**Exercise prompt**.
Would you write out the full listing exactly, without any pictures?

**Records provided**.
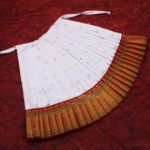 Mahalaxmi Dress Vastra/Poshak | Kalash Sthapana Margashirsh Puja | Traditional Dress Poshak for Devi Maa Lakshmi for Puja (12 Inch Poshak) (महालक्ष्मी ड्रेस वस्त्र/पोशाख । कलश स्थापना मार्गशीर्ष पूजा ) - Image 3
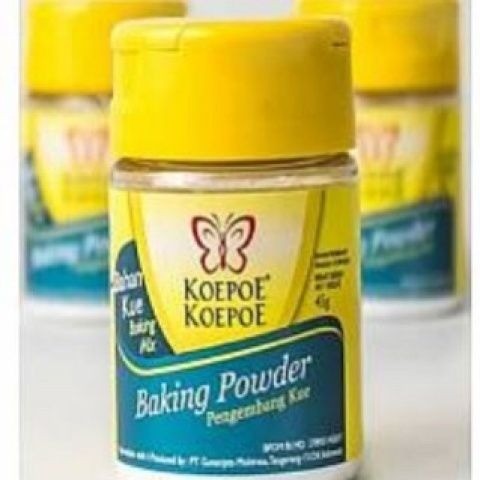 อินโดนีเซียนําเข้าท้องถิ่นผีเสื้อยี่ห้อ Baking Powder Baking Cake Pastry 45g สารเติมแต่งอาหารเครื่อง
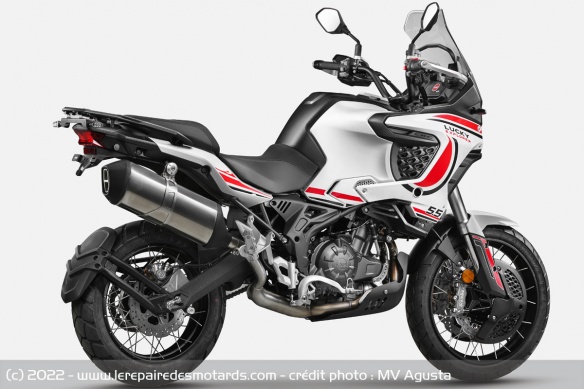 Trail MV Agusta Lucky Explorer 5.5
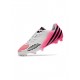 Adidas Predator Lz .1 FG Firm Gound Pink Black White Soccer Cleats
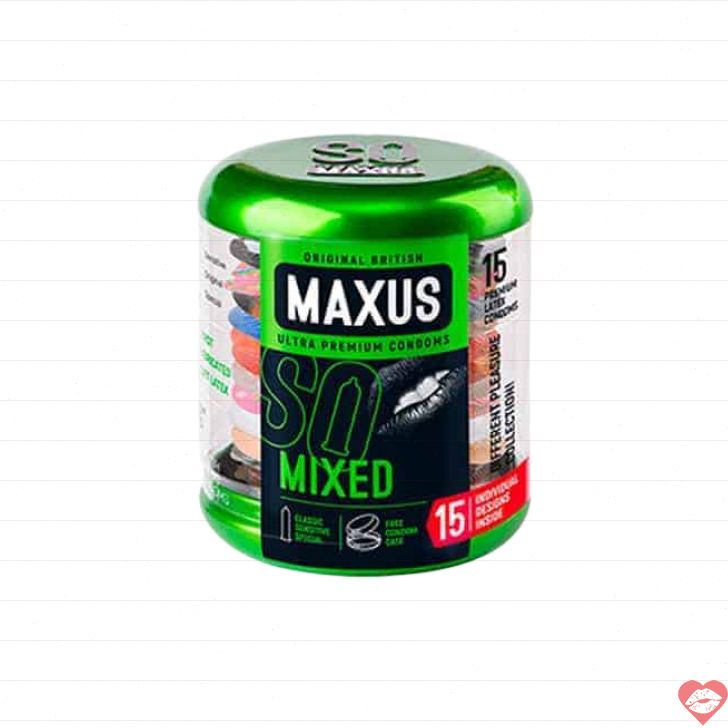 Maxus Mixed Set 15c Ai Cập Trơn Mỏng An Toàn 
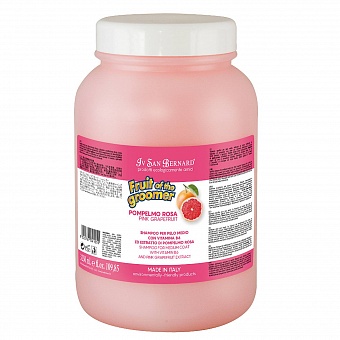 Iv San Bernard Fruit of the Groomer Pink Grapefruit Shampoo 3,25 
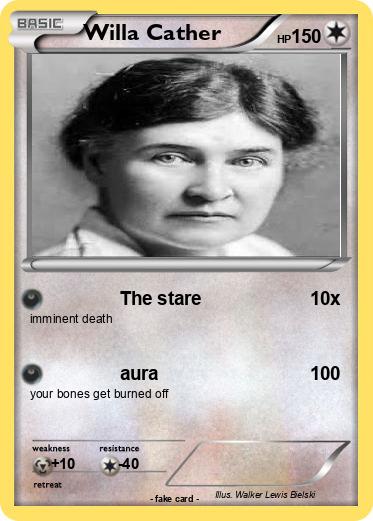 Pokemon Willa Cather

**Result of this task**.
 Mahalaxmi Dress Vastra/Poshak | Kalash Sthapana Margashirsh Puja | Traditional Dress Poshak for Devi Maa Lakshmi for Puja (12 Inch Poshak) (महालक्ष्मी ड्रेस वस्त्र/पोशाख । कलश स्थापना मार्गशीर्ष पूजा ) - Image 3
 อินโดนีเซียนําเข้าท้องถิ่นผีเสื้อยี่ห้อ Baking Powder Baking Cake Pastry 45g สารเติมแต่งอาหารเครื่อง
 Trail MV Agusta Lucky Explorer 5.5
 Adidas Predator Lz .1 FG Firm Gound Pink Black White Soccer Cleats
 Maxus Mixed Set 15c Ai Cập Trơn Mỏng An Toàn 
 Iv San Bernard Fruit of the Groomer Pink Grapefruit Shampoo 3,25 
 Pokemon Willa Cather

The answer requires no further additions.